The ACC/Big Ten Challenge commences tonight with Virginia at Minnesota and continues the next two nights with five games apiece. For the first time I can remember, the Big Ten is considered a heavy favorite to win the 11-game series. If you go game by game, you can easily come to the conclusion the Big Ten should win at least six games. Based on this morning’s ratings, this is how the matchups stand right now…

Tonight

Virginia at Minnesota (88%)

Tuesday

Iowa (59%) at Wake Forest
Georgia Tech at Northwestern (72%)
Ohio State (70%) at Florida State
Michigan at Clemson (86%)
North Carolina at Illinois (72%)

Wednesday

Indiana at Boston College (74%)
NC State at Wisconsin (80%)
Purdue (52%) at Virginia Tech
Maryland at Penn State (56%)
Michigan State at Duke (87%)

Count ‘em up and you get the Big Ten as a favorite in eight of the contests, although that overstates their case a bit as three of those games have less than a 60% chance of panning out. A more scientific way to assess each conference’s chance is to do an exercise similar to the one that produces the win distribution charts. Let’s re-run the Challenge a bunch of times to figure how often each conference wins.

After playing out the series of games a million times, I came up with the Big Ten winning at least six games in 648,101 of those trials. The Big Ten has a 64.8% of defending last season’s title if the individual game probabilities are to be believed. Let’s see the distribution in graph form…

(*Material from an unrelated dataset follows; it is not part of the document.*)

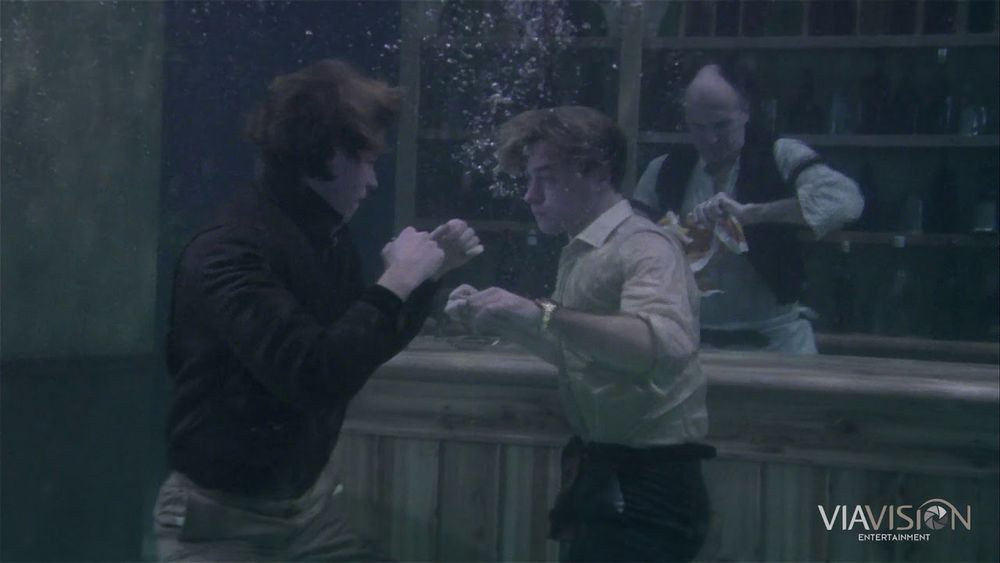 The under water bar fight scene from Top Secret. Two men square up, fists raised whilst a barman cleans glasses in the background. All whilst underwater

Even though it’s favored in eight games, the most likely outcome is that the Big Ten wins 6-5. In other news, there’s a 0.02% (1-in-5000) chance that the Big Ten goes 11-0, and a 0.002% chance that the ACC does the same. More realistically, there’s a 2.7% chance the Big Ten wins the first six games, thus rendering Wednesday useless for conference-bragging-rights purposes. There’s just a 0.1% chance of the ACC doing the same since those first six games are not as favorable to the ACC as the last five. Finally, there’s a 22.4% chance that the event is decided by the Duke/Michigan State game, which will probably be the last to finish. That’s a scenario that would please ACC fans.

Tonight’s game between Virginia and Minnesota may be the least compelling of the series, but as it’s the Big Ten’s best chance for victory, a win by the Cavaliers would flip the balance of power. The ACC would have a 59.8% chance of winning the series if Tony Bennett’s team pulls off the upset. More generally, if the ACC somehow gets through the Monday and Tuesday minefield with a draw or better, it’s bad news for the Big Ten, since the ACC has a 59.5% chance of winning at least three games on Wednesday.

What does this all mean? That I like probabilities. Also, that the Big Ten is the better conference, but the fact that the ACC gets six home games this year levels the playing field somewhat. Therefore, things aren’t completely hopeless for the ACC. They’ll need something unlikely to happen, but more unlikely things have happened. In this event, too. One of the craziest comebacks of last season occurred in the ’09 Challenge,  giving the Big Ten its first title.